Brief | A word-for-word copy is needed of the line containing "Séfr Fausto Textured" and every line after it through the end of the records below, leaving out all pictures.

Given data |
◆ ◆ ◆ ◆

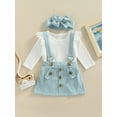thumbnail image 2 of Bagilaanoe 3PCS Newborn Baby Girls Skirt Set Long Sleeve Ribbed Snap Romper Tops + Suspender Skirt + Headband 3M 6M 12M 18M Casual Outfits, 2 of 9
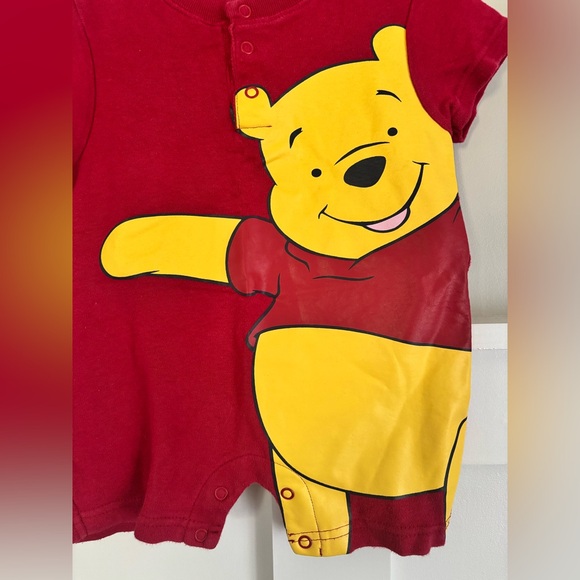 EUC Vintage Winnie the Pooh 6mo Red Baby Romper - Picture 5 of 6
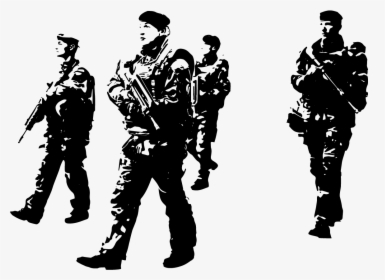 Soldiers On Patrol Eu Army Anti Terrorism Silhouette- - Soldier Black And White Png, Transparent Png, Free Download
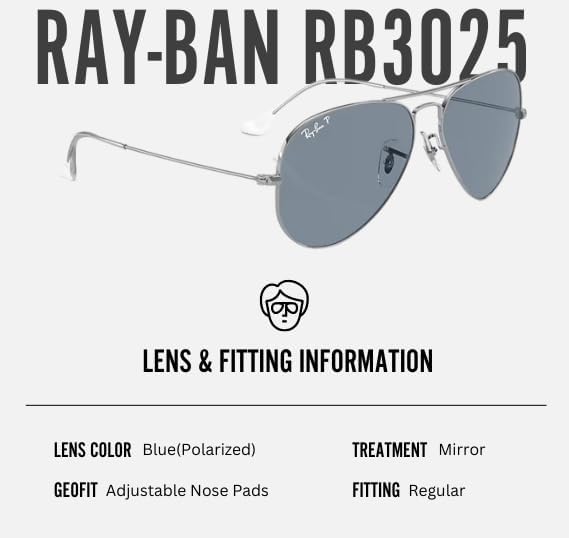 Classic Aviator Shape Sunglasses With Eyewear Kit Bundle  Silver Frame Polarized Blue Lens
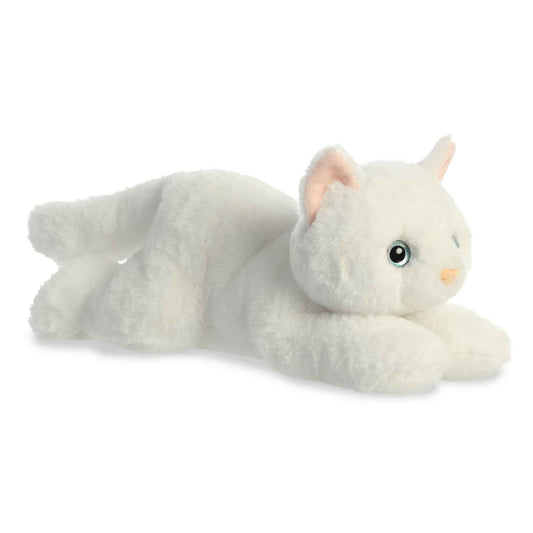 Aurora Precious White Kitty Flopsie face plush, soft cuddle buddy for imaginative play.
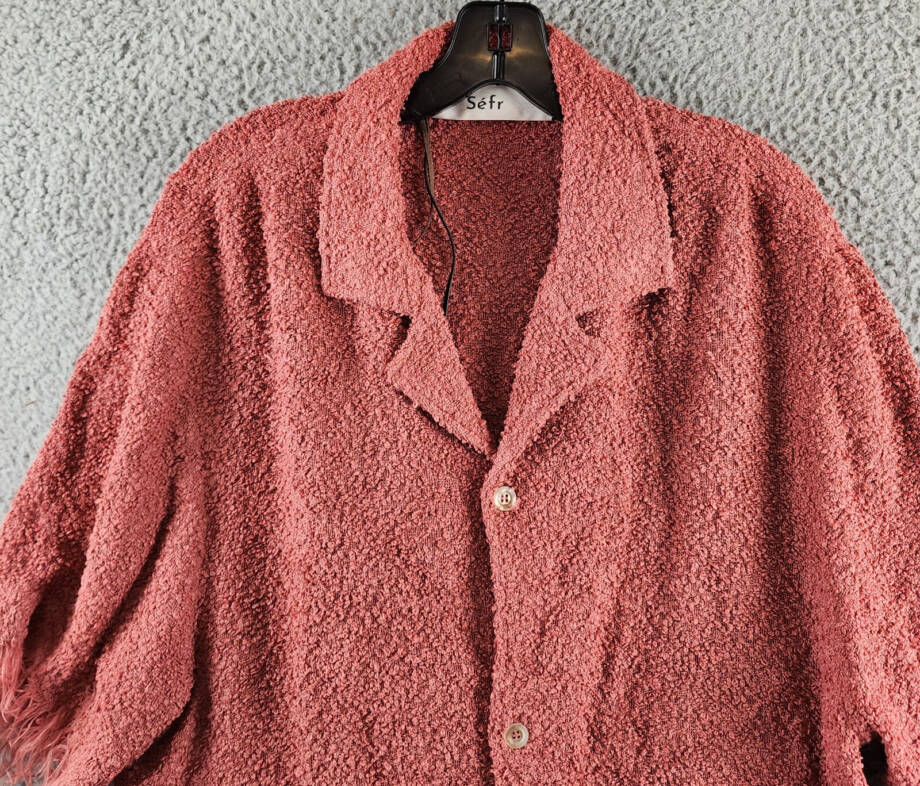 Séfr Fausto Textured Shirt with Fringe Men's XL Red Button Closure Short Sleeves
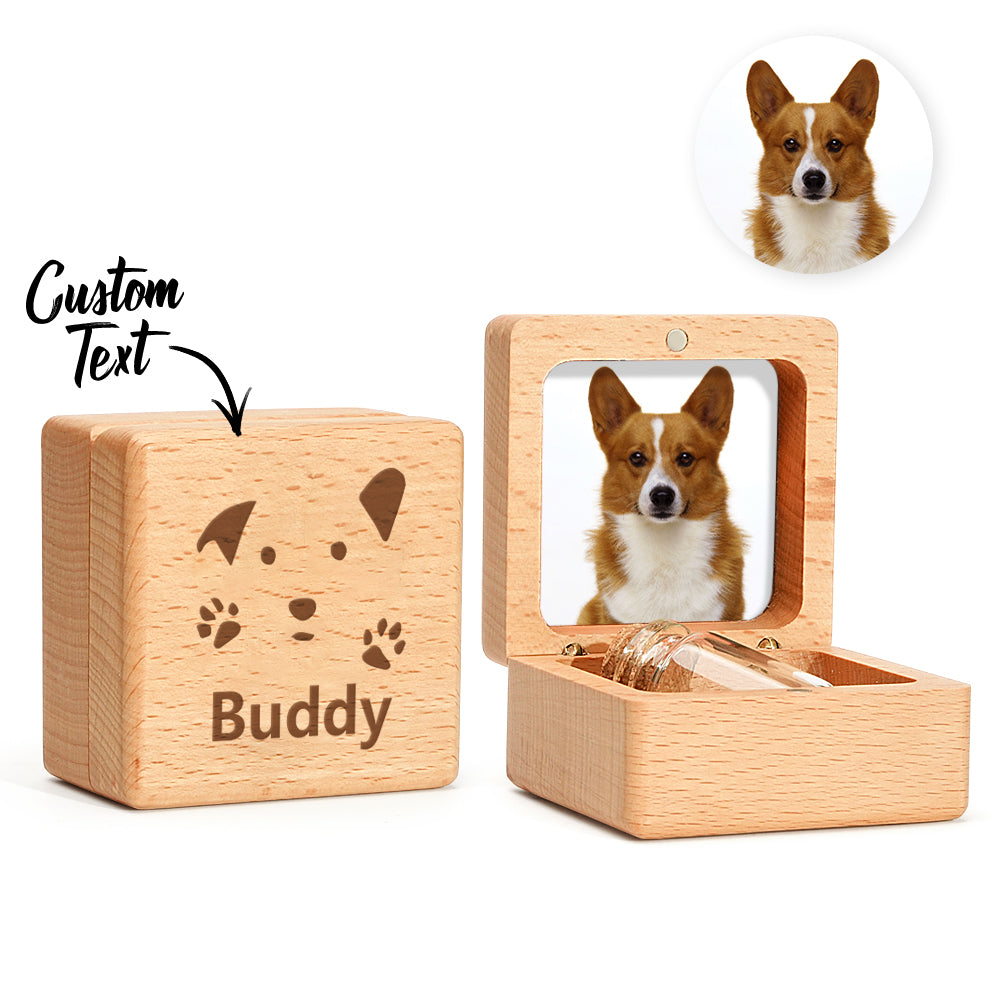 Personalized Wooden Pet Ashes Box Dog Cat Fur Keepsake Box Pet Memorial Gift for Pet Owner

◆ ◆ ◆ ◆

Exercise output |
 Séfr Fausto Textured Shirt with Fringe Men's XL Red Button Closure Short Sleeves
 Personalized Wooden Pet Ashes Box Dog Cat Fur Keepsake Box Pet Memorial Gift for Pet Owner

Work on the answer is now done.